Trois modes différents d’acquisition de la propriété privée sont mentionnés dans la Bible : l’achat, la donation et l’héritage.
Jacob (Genèse 33.19) achète une portion de champ pour 100 kesitas (voir ce mot). Il est aussi question (Genèse 50.5) dans Version Synodale et Segond d’un sépulcre « acheté », mais Bible du Centenaire traduit plus exactement « creusé ». Joseph achète, pour le compte du Pharaon, toutes les terres des Égyptiens affamés (Genèse 47.18 ; Genèse 47.20). David (2 Samuel 24.22-24) achète une aire pour y célébrer un sacrifice. Achab (1 Rois 21.2) propose à Naboth de lui acheter sa vigne. Omri (1 Rois 16.24) acquiert la montagne de Samarie pour 2 talents d’argent. Des achats ou ventes de propriétés sont encore indiqués dans Proverbes 31.16; Luc 14.18 ; Actes 2.45 ; Actes 4.34 ; Actes 4.37. Mais deux passages plus détaillés nous montrent comment se pratiquaient ces transactions.
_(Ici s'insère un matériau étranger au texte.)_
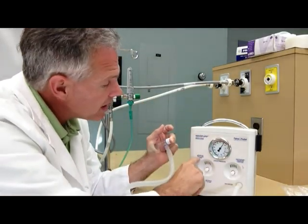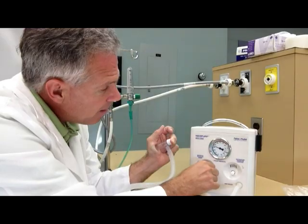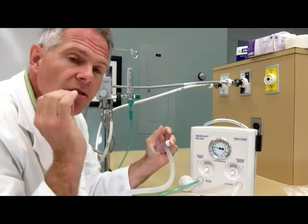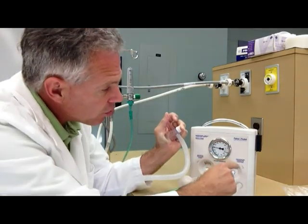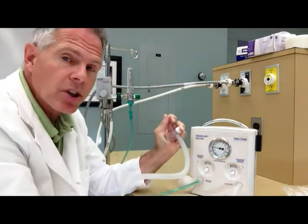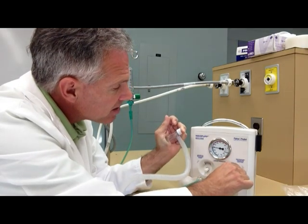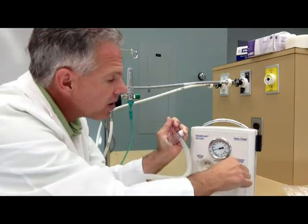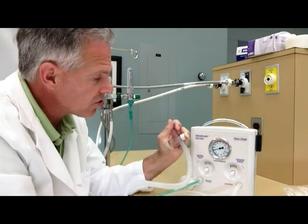The next thing I want to do is set my maximal pressure relief. I turn that counterclockwise and I'm going to set that at about 30 centimeters of water pressure. We shouldn't have to use any more pressure than that to ventilate our neonatal patient. The next thing I'm going to control is my inspiratory pressure control, and for our purposes today I'm going to start off and set that at 20 — that's the maximum pressure that should be delivered to my patient during resuscitation.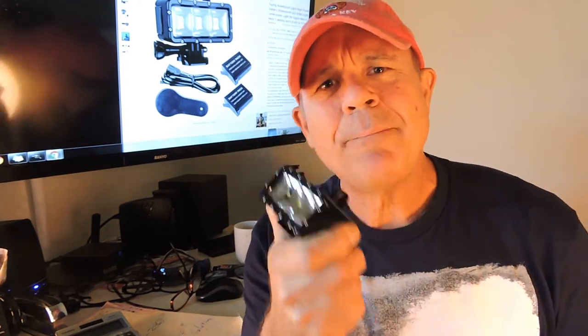Today we are looking at the Sub-Tig high-powered waterproof light designed for the GoPro 3, 4, 5, and 6. Here's the good news: if you have a GoPro Hero 4, the two batteries that come with this light will work in your GoPro 4.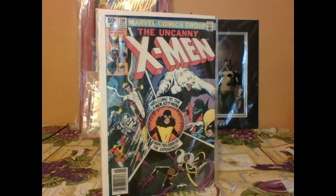Good evening, folks. This is Longshot1982 here with another statue review. Today, I'm super excited to bring to you the Kotobukiya Wolverine Danger Room Sessions statue, sculpted by none other than the legendary Eric Sosa.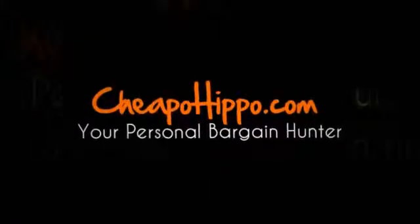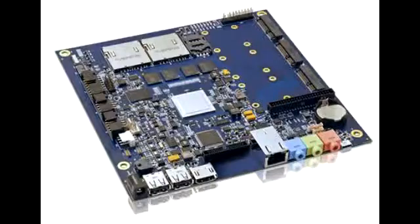Welcome to CheapoHippo.com. Today we're going to talk about a hot new product release, which is the Contron Tegra 3 Mini ITX motherboard. This is a new item that has recently been introduced in the market from Contron.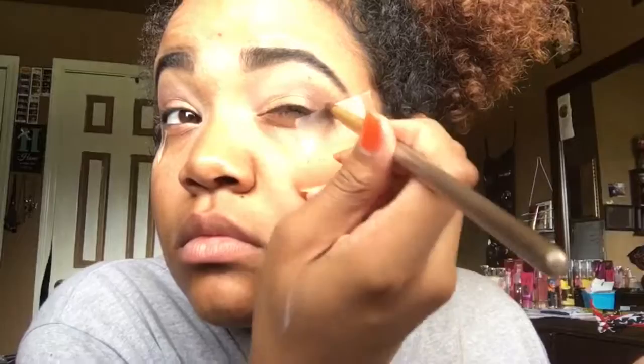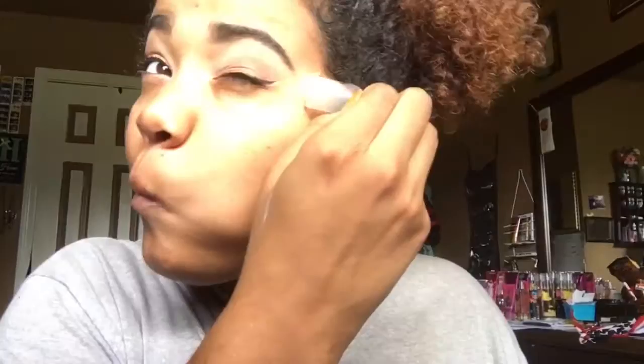Now I'm just doing a normal winged liquid eyeliner on both of my eyes and now I'm pulling the tape off, ready to apply my falsies. It's time for eyelashes — I'm just using these Broadway ones. I'll leave the name down in the description box because I forgot it. I really suck at applying lashes, so I did pretty good on this on my first try.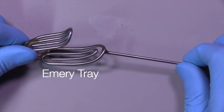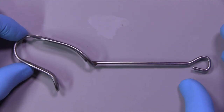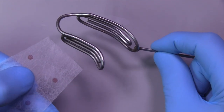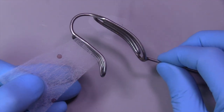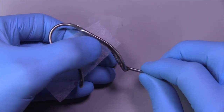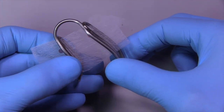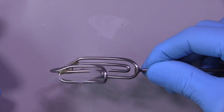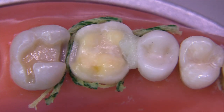This little Emery tray — unfortunately these are not being made anymore, but you can still get them on eBay and other locations. They are fantastic because they're very high-grade steel and don't distort. You can take a piece of coffee filter paper, trim it to fit between the slots, and secure it with wax or, in my case, a clear PVS bite registration material. This is great because it fits in almost anyone's mouth, you can bend it to adjust it if necessary, and you can use it over and over again.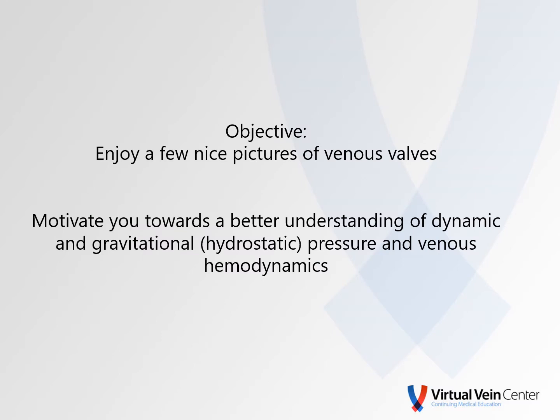My only objective is to really allow you to enjoy a few nice pictures of venous valves. I'd also like to possibly motivate you towards a better understanding of dynamic and gravitational or hydrostatic pressure and venous hemodynamics.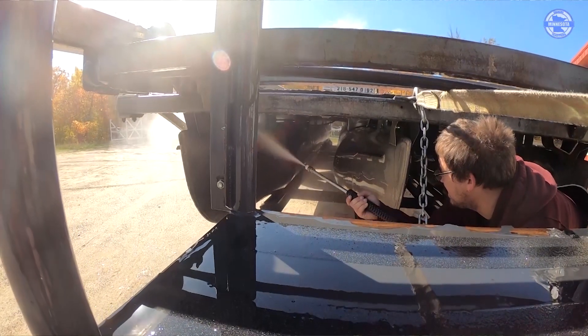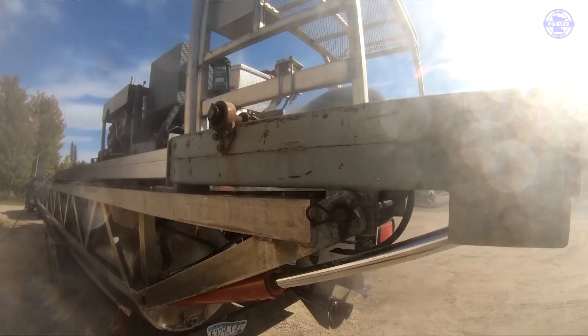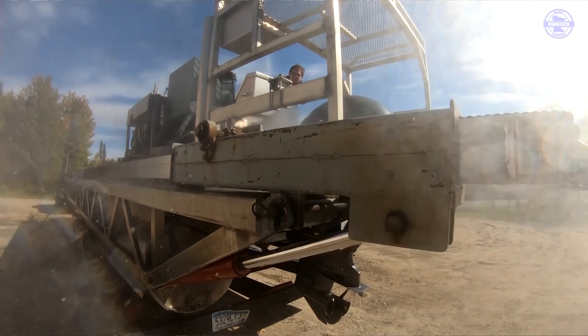For the outside of the boat, if there are any attached zebra mussels or aquatic vegetation, you would want to go one to two minutes at 140 degrees.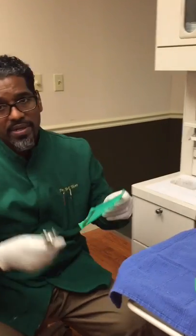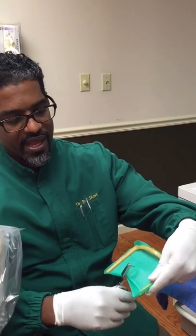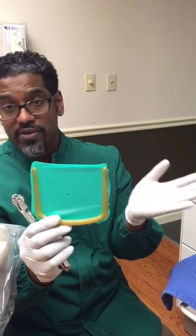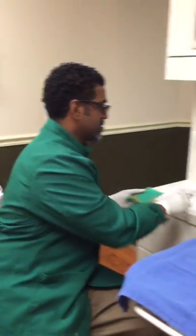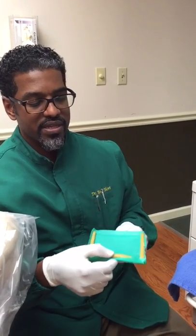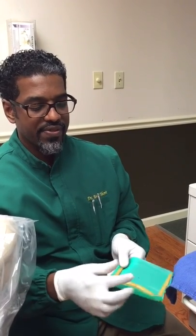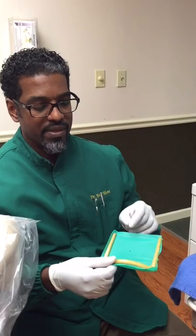Then use your rubber dam punch, and when you punch it, you want to make sure you punch it right in the center. The cool thing about punching it in the center is that it's a universal punch — you can use it for lower and upper teeth. For the lower teeth, it goes straight down, just like you would see it here, and this bow represents the chin rest. So you put that on the chin and it will be properly angled.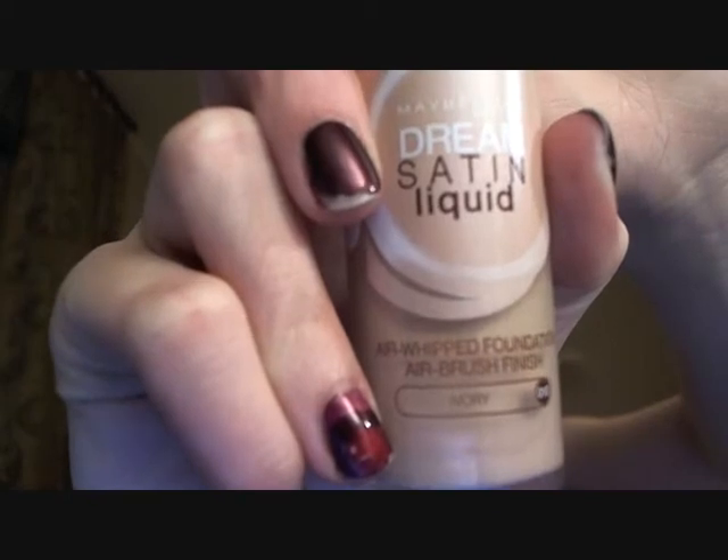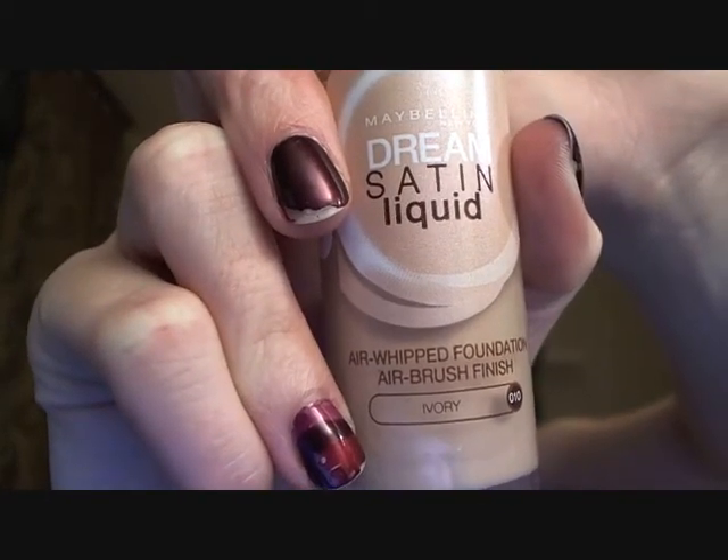So what I do — and this is not exactly rocket science, but still I didn't think of it for years and years. Right now I'm wearing Maybelline's Dream Satin Liquid in the lightest shade, Ivory. And Ivory is actually a little too dark for me even now during the summer, but I really love this foundation. It gives you a great finish and it's cheap, so that's always good. But it is a little too dark for me.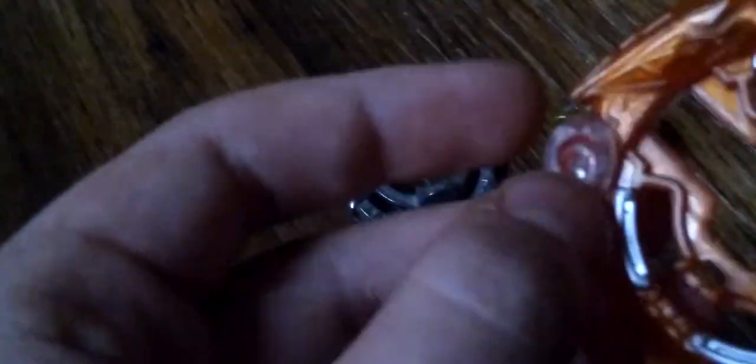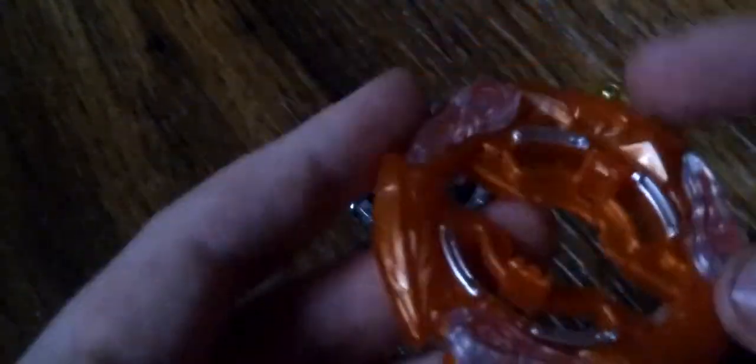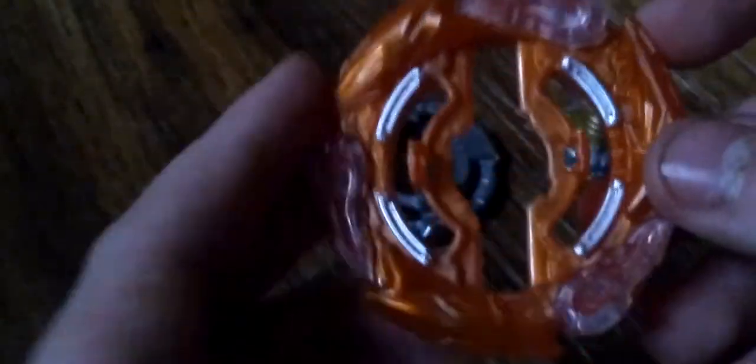Now we're gonna move on to the Speedstorm ring or base — I don't really know what to call it. This is Glide. Glide is amazing. It has the gimmick from the original God Evolution Rocktavor where it has wings that pop out. It's three of them too, it's really cool. Hopefully they don't break off. It's a wide orange design and the bottom is hollowed out with metal pockets to keep the wings in. It's cool, I like it. It's good for standing on.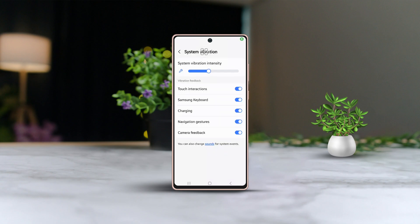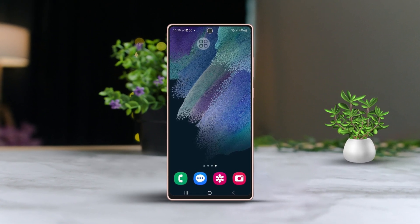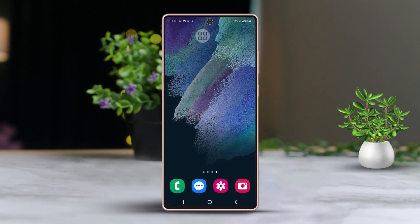So, you want to disable the navigation gesture vibration on your Samsung phone because you realized you don't really need it? No problem, I've got you covered. In this brief guide, I'll walk you through the process of turning it off.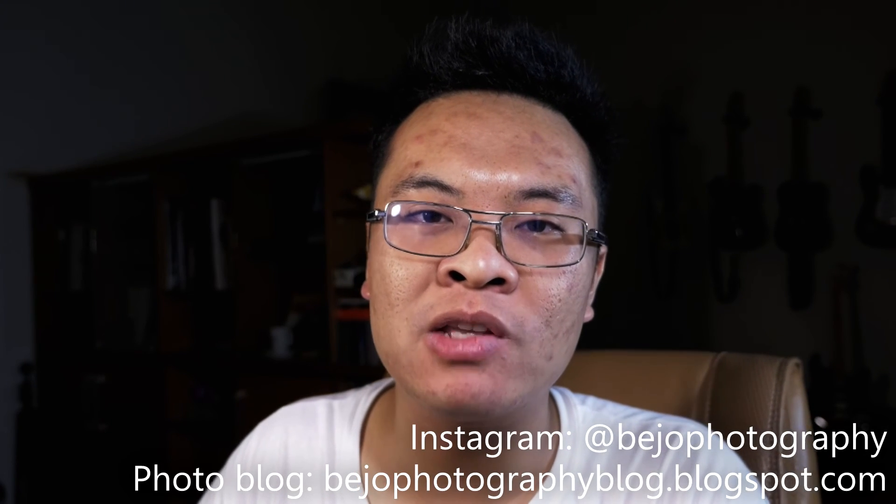I hope this video has been useful. Please like, share, and subscribe. Also, don't forget to check my photography blog as well as my Instagram — link in the description below. Thanks and goodbye.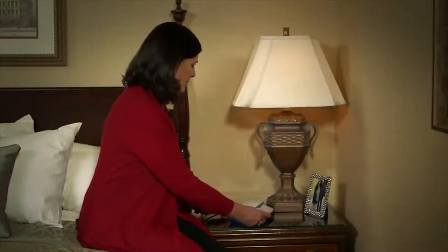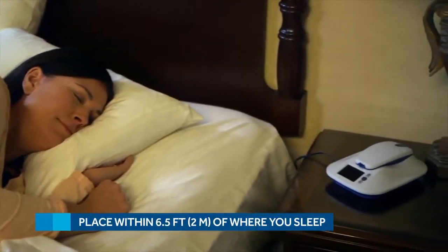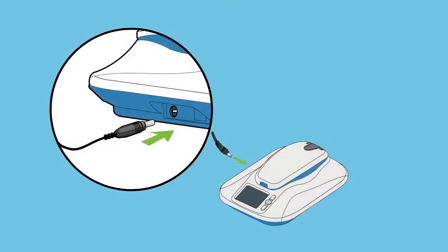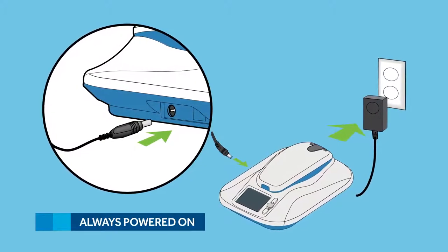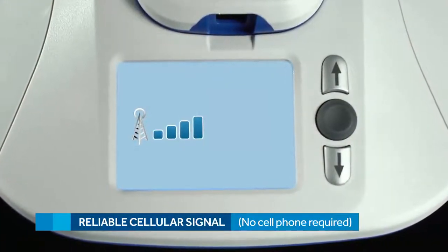First, find a good place to keep the MyCareLink monitor. It should be placed within six and a half feet, or two meters, of your bed. This is because your doctor will program your Reveal LINQ device to send information to the MyCareLink monitor at a time you're usually sleeping. Plug it into a standard power outlet and make sure it's one that receives constant power — avoid an outlet controlled by a wall switch since it could accidentally get turned off. Also make sure the location you choose receives an adequate cellular signal. A bedside table like this one should work perfectly.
Un exemple en est fourni dans Genèse 47.11 : Joseph donne à son père et à ses frères, « dans la meilleure partie du pays d’Égypte », une propriété qui s’agrandira peu à peu de leurs acquisitions (Genèse 47.27).
En pays agricole comme la Palestine, l’héritage était le mode habituel de transmission de la propriété, au point que la langue hébraïque ne distingue pas entre l’héritage d’une propriété, sa possession ou son acquisition par un autre moyen ; les deux mots le plus couramment employés définissent l’établissement de la possession sans donner d’indication sur son origine. S’il est question d’héritage, au sens habituel où nous l’entendons, dans 1 Chroniques 28.8 ; Esdras 9.12 ; Proverbes 17.2 ; Proverbes 19.14 ; Michée 2.3 ; Matthieu 21.38; Luc 12.13, le même terme est employé à propos de la Loi (Deutéronome 33.4 ; Psaumes 119.111), des fils (Psaumes 127.3), d’une propriété quelconque (Proverbes 20.21) des dîmes des Lévites (Nombres 18.21), de l’exaucement de la prière (Psaumes 61.6) et même des châtiments divins (Job 20.29 ; Job 27.13). La Version Synodale traduit par « richesses », dans Ecclésiaste 7.11, le même mot qu’elle traduit par « héritage » au sens propre dans Proverbes 17.2 et par « apanage » au sens figuré dans Ésaïe 54.17.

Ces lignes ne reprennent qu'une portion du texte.